Biografi René Descartes

Rene Descartes lahir pada 31 Maret 1596 di sebuah kota kecil La Haye, Prancis. Anak ketiga dari seorang anggota Parlemen Britanny. Di usia 8 tahun, ayahnya mengirim Descartes ke sekolah College Royal de La Fleche yang didirikan oleh Henry IV dan dipimpin oleh Bapak Serikat Yesus.

Ia berada di sana hingga berusia 18 tahun dan dikenal sebagai siswa yang jenius. Karena itu, konon, Descartes dipebolehkan bangun lebih siang ketimbang siswa lain oleh guru-gurunya.

Sekolah itu memiliki kurikulum yang bertolak pada tradisi skolatisisme. Tradisi ini berupaya untuk mensintesa doktrin kekristenan dengan filsafat Aristoteles, sehingga fisika, matematika, etika, kosmologi, teologi, metafisika dan lain-lain sebagai sistem filsafat dipahami dalam kesalinghubungan dan keterkaitan. Kesatuan sistemik ilmu itulah yang nantinya memiliki pengaruh besar bagi Descartes untuk membangun pemikiran filsafatnya.

Namun, ia meninggalkan sekolah itu pada 1615 setelah menolak ajaran guru-gurunya. Ia kemudian melanjutkan studi hukum di Universitas Politiers hingga memperoleh bakaloerat dan lisensial pada 1616. Sehabis itu ia memilih untuk mengundurkan diri dunia ilmu pengetahuan.

Pengunduran diri tersebut adalah sikap ketidakpuasan Descartes terhadap ilmu pengetahuan pada masa itu yang dibangun dalam fondasi yang rapuh. Kebenaran yang diperoleh dalam ilmu pengetahuan tidak membuahkan kepastian dan malah memunculkan keraguan.

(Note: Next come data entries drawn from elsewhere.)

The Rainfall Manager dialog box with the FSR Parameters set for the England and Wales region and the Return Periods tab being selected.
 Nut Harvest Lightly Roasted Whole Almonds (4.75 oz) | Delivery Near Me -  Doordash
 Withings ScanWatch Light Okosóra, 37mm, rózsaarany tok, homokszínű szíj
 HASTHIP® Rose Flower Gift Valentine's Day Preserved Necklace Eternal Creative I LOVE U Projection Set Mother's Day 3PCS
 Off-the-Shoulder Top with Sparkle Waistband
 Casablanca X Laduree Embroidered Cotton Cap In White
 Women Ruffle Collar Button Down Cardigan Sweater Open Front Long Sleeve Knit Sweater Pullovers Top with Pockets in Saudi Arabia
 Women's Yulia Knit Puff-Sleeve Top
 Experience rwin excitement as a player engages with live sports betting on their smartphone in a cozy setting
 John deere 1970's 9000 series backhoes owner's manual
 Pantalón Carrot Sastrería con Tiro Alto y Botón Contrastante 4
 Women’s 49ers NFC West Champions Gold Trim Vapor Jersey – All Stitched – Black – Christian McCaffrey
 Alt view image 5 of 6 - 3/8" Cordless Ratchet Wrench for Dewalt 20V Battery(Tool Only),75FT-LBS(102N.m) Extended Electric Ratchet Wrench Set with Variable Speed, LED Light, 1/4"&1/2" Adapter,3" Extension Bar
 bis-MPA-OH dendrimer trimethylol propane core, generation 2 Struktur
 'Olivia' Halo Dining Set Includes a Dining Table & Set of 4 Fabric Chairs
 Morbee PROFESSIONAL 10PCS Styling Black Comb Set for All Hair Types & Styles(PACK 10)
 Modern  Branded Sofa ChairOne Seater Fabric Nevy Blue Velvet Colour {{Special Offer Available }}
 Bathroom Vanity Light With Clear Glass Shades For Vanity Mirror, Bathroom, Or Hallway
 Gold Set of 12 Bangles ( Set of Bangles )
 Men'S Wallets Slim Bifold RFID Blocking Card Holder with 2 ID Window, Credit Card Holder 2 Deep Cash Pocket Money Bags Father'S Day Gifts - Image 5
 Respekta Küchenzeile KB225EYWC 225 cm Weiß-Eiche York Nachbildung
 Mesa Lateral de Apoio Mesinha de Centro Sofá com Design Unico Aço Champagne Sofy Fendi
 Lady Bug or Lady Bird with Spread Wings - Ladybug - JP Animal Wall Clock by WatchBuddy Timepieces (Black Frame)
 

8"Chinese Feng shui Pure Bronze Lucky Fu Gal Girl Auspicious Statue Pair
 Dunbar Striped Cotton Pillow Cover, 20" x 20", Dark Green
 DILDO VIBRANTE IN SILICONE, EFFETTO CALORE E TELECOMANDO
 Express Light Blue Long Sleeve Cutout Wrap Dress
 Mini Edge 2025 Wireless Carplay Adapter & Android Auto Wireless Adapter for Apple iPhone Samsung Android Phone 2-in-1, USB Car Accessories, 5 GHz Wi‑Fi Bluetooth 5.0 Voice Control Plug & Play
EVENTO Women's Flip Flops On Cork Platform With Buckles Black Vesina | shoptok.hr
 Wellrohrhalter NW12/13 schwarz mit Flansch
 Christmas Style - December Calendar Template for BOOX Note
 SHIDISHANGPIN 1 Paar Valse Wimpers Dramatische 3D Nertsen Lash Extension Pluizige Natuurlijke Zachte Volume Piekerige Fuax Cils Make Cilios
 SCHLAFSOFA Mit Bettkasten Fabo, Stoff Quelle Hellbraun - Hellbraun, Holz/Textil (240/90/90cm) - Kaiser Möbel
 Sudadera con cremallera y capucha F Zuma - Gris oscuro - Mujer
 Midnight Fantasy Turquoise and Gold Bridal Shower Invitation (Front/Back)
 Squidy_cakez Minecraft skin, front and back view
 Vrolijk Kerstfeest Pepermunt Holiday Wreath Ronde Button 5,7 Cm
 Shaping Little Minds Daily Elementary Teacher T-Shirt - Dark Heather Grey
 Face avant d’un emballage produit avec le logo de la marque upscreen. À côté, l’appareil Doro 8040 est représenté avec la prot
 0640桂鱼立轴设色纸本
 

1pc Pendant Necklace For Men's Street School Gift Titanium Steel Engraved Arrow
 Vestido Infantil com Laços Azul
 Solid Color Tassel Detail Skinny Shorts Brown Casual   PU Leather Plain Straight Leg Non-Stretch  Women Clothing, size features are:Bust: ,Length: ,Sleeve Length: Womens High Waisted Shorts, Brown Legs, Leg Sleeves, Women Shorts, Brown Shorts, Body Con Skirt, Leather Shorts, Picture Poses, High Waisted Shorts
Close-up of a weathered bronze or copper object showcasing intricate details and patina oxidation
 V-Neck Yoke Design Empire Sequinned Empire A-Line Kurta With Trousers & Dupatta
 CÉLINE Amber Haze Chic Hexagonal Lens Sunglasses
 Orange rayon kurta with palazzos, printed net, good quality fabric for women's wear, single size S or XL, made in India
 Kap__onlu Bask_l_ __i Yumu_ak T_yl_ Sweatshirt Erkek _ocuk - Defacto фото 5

Hal ini bisa dibuktikan dari berbagai perdebatan yang tak kunjung usai dan konklusif. Karena itu, Descartes memutuskan untuk mencari kebenaran yang bersumber dari dirinya sendiri dan buku-buku besar kehidupan (pengalaman hidup).

Tak mengherankan bila kemudian Descartes melakoni banyak perjalanan, bergaul dengan banyak orang yang memiliki karakter dan status sosial yang berbeda, dan masuk dinas militer. Pengalaman yang sungguh kaya itu selalu ia refleksikan dan diskusikan demi menghapus berbagai prasangka yang tanpa sadar ia imani sejak kecil dan mendiskreditkan kapasitas dirinya untuk mendayagunakan rasio.

Di tengah petualangan itu Descartes mengalami tiga mimpi metodis filosofis yang salah satunya berkisah tentang dirinya yang menemukan sebuah buku puisi karya Ode ketujuh dari Ausonius yang bertuliskan Quod vitae sectabor iter (Jalan mana dalam kehidupan ini yang akan saya ikuti?).

Dengan mimpi itu, Descartes semakin yakin bahwa dirinya diamanahi tugas untuk menemukan kebenaran yang absolut melalui akal. Karena itu, ia bersumpah untuk berziarah ke Kuil Bunda Maria yang terletak di Loreto, Italia. Dinas militer dan perjalanan ke berbagai negara memaksa ia baru menjalankan nazar itu empat tahun kemudian (Frederick Collepston, 2021: 8).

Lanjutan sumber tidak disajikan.